Capitalia Chief Executive Matteo Arpe won acclaim and foreign investors with his restructuring of the once underperforming Italian bank. His challenge at a presentation next week is to show how he will produce growth. Arpe, who joined Capitalia in 2001, is due to present his second industrial plan for Italy's fourth largest bank on July 5.
Investors expect high targets from the 40-year-old banking hot shot whose first plan has helped Capitalia's share price quadruple over the past 3-1/2 years.
"Arpe is a charismatic leader, not in the historic Italian mould. He's painfully straight given the temptations in his way," said M&G fund manager and analyst James Alexander, who holds Capitalia stock.
Alexander called Capitalia a "safe" bank, a description few investors believed would ever be applied to the Roman lender that three years ago was riddled with bad loans.
"He's done a good job, but he hasn't finished ... he needs to focus on growth," Alexander said.

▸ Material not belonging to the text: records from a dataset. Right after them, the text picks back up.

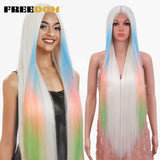 FREEDOM Synthetic Lace Front Wigs For Women Straight Hair Synthetic Lace Wigs 38 Inch Ombre Long Cosplay Wigs Blonde Pink Wig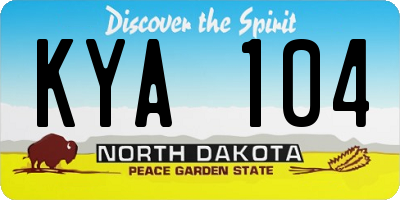 ND license plate KYA104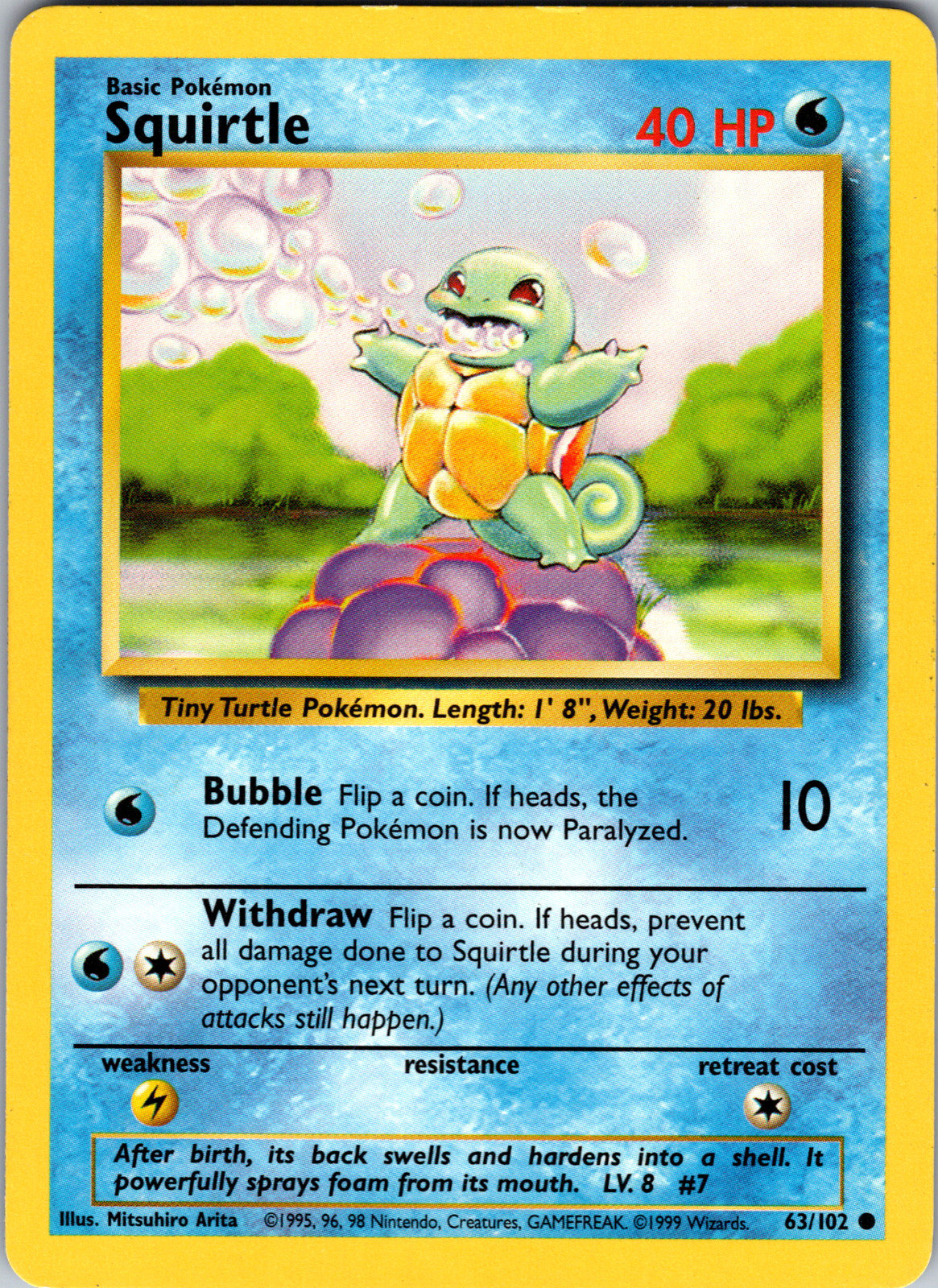 Squirtle 63/102 Pokemon: Base Set Unlimited Common - LP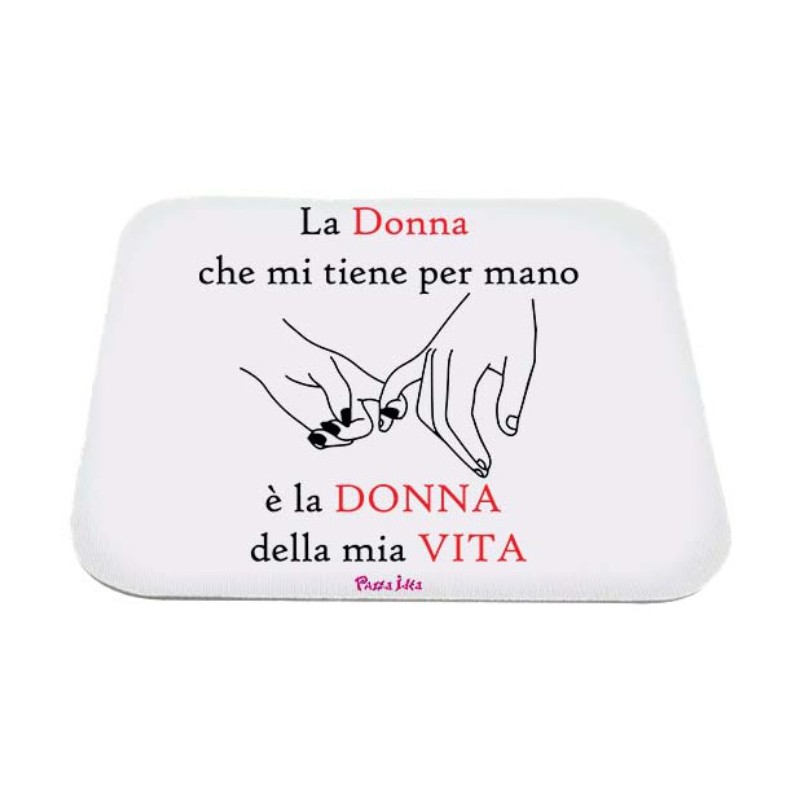 Mousepad rettangolare con stampa la donna che mi tiene per mano festa della donna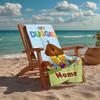 Custom Name Ultra-Soft Beach Towel with Hey Duggee Theme,Ideal for Pool - Camping, Diving - Perfect Travel Essential, Vibrant Beach Towel.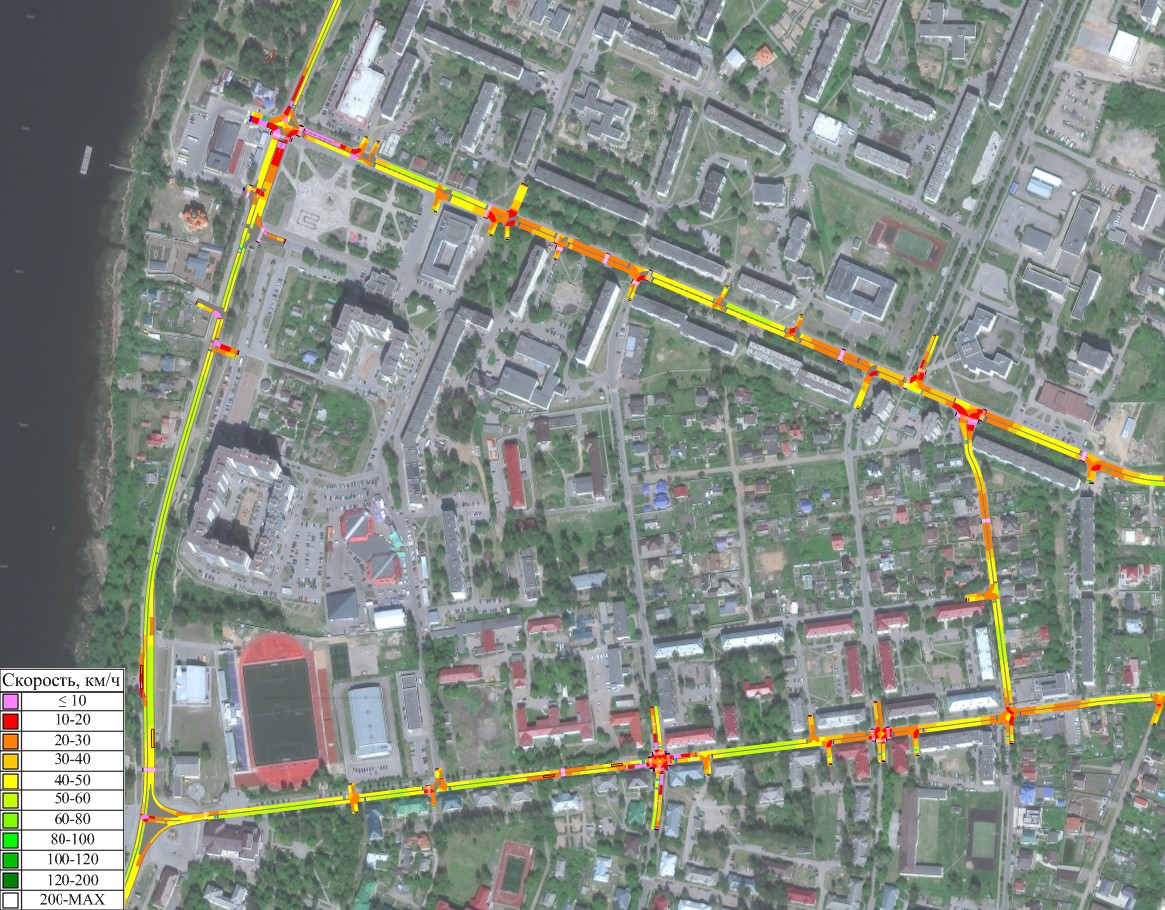 Картограмма скорости движения в Кировском городском поселении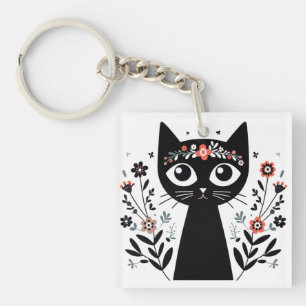 Black Cat with Big Eyes Surrounded by Flowers Keychain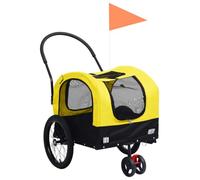 Teenpull Remolque de bicicleta 2 en 1 para perros y carritos de bebé de color amarillo y negro, plegable con marco de metal resistente, tela Oxford impermeable, con ventana de malla, suave y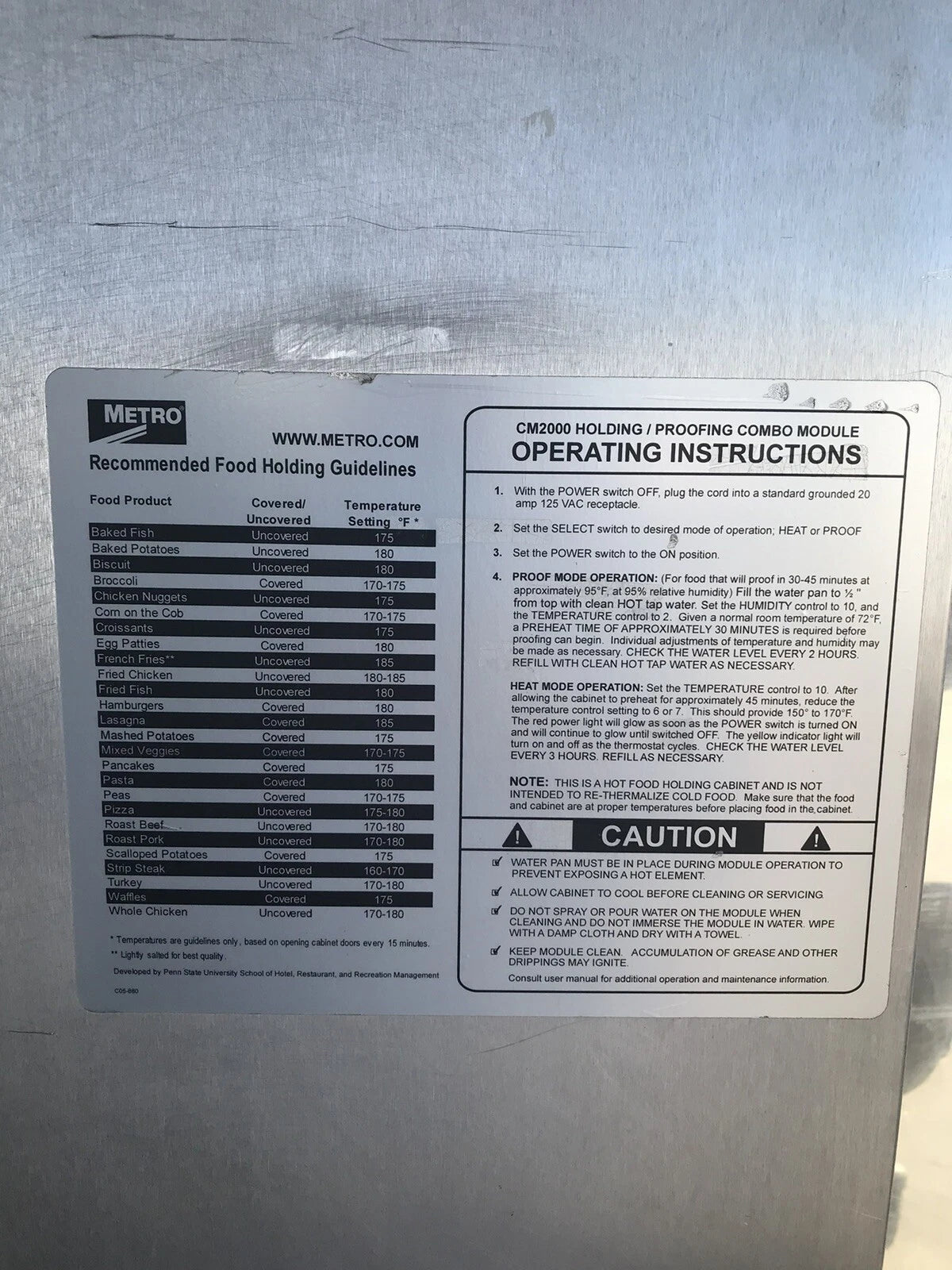 Used Metro Flavor View C175 warmer cabinet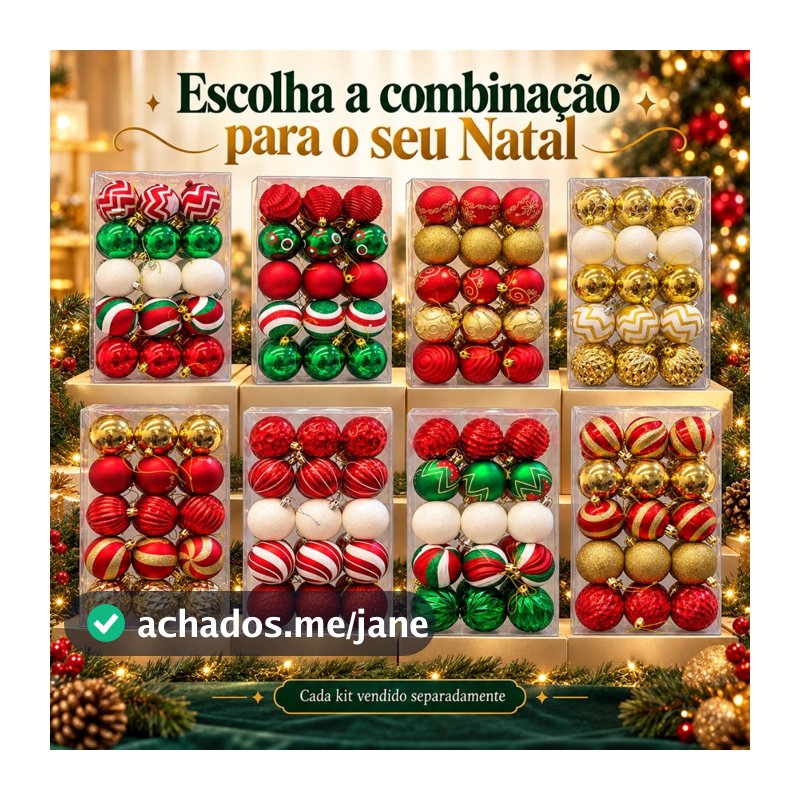 Kit 30 Bolas De Natal 6cm Luxo Decorada Enfeite Decoração Árvore Natal Várias Cores 8 Modelo LuvinCo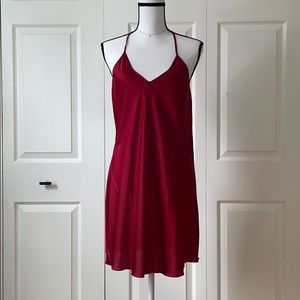 Red Satin Mini Dress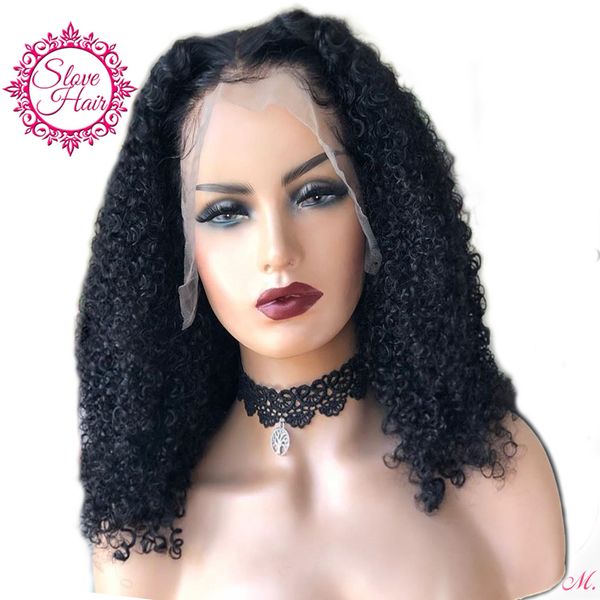 

13x4 super curly short bob wig remy brazilian lace front human hair wigs for women black color 130% middle ratio pre plucked, Black;brown
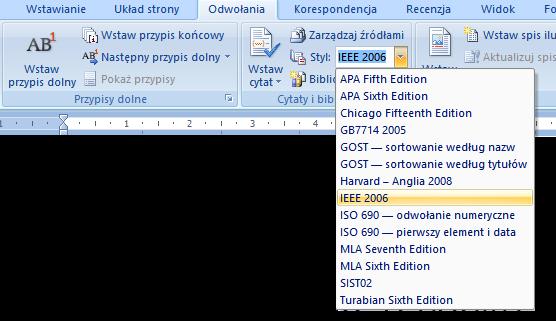Lubelskiej obowiązuje styl IEEE 2006 odwołań Automatyczne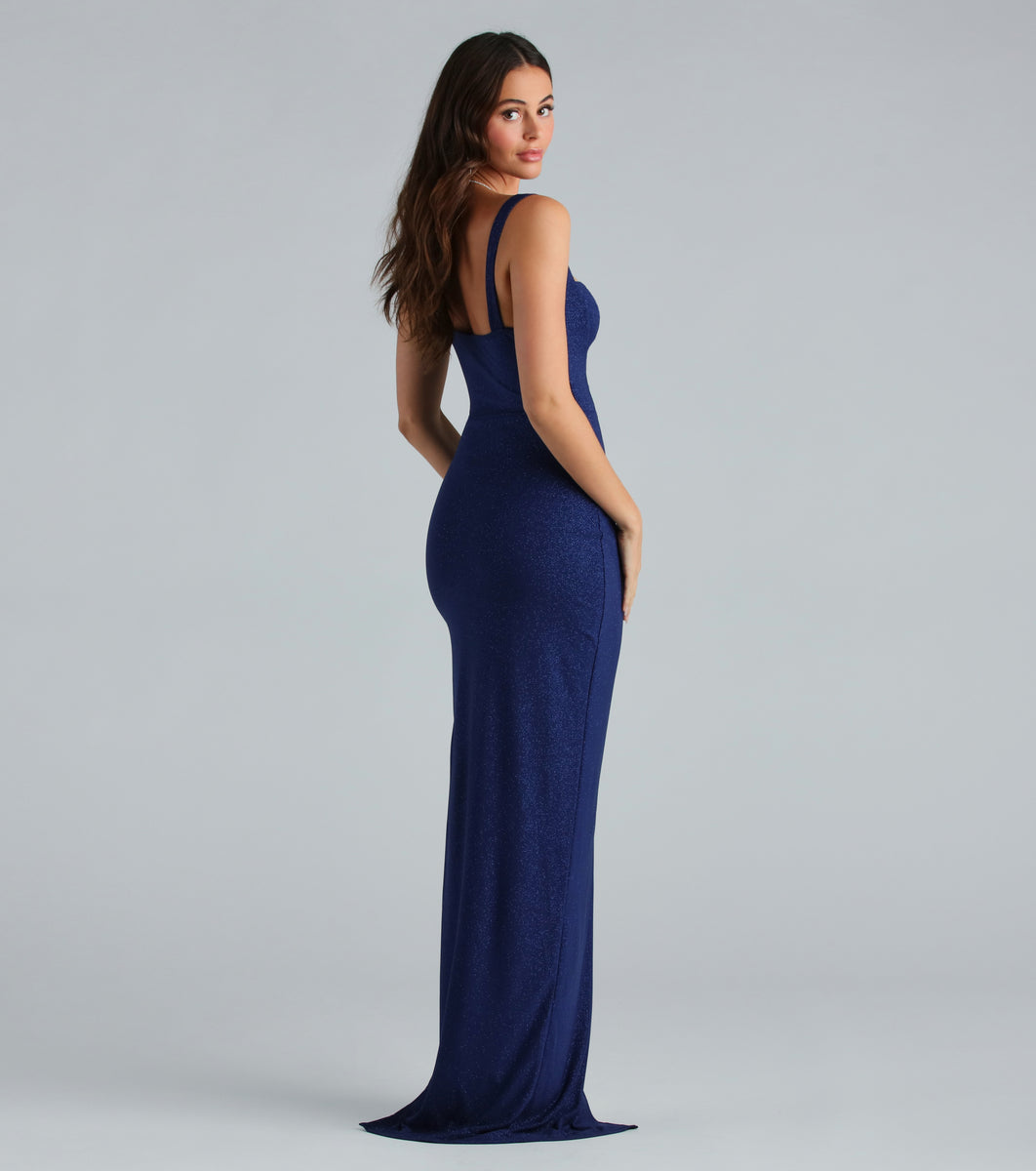 Windsor Keira Glitter Knit High Slit Formal Dress | CoolSprings 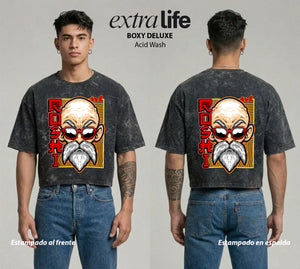Playera streetwear premium de anime y gaming ExtraLife MX, corte boxy deluxe mineral wash heavyweight en color Acid Wash, moda urbana mexicana de culto.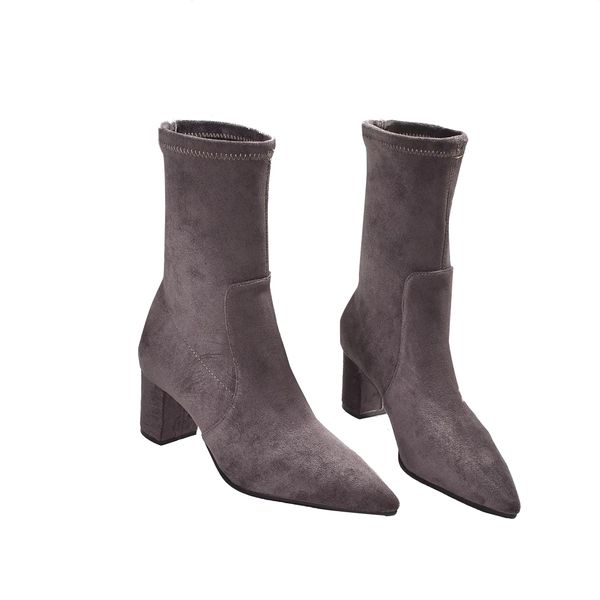 

2019 new net red explosions fashion wild pointed stretch boots martin boots non-slip outsole size35-40 factory direct, Black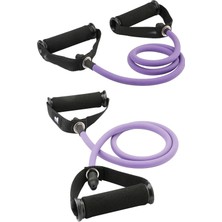 St. Morritz Sert Direnç Lastiği 125 cm Tutamaçlı Pilates Yoga Boks Antremanı Için Egzersiz Lastiği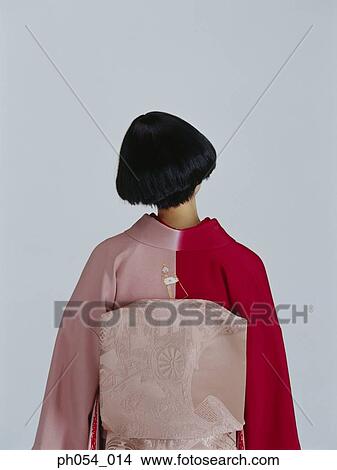 Picture - Japanese woman in kimono, rear view . Fotosearch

Capitalia's 2004 net profit leapt to 337 million euros ($406 million) from 31 million a year before, but revenues grew just 0.8 percent to 4.83 billion in a sluggish Italian economy.
A document obtained by Reuters on Thursday showed one way the former Mediobanca and Lehman Brothers banker may improve his bottom line is by buying out minorities in its merchant bank MCC, valued at 1.5 billion to 1.6 billion euros.
The proposal, which sees the issue of new Capitalia shares, would be discussed by the board on July 4, the document said.
Arpe could also be considering buying out minorities in its asset manager Fineco, where it owns a 46 percent stake, financial newspaper Il Sole 24 Ore said.
Capitalia declined to comment on the reports and said it had not agreed to carry out any extraordinary operations. Investors and analysts said the buyouts would make industrial sense.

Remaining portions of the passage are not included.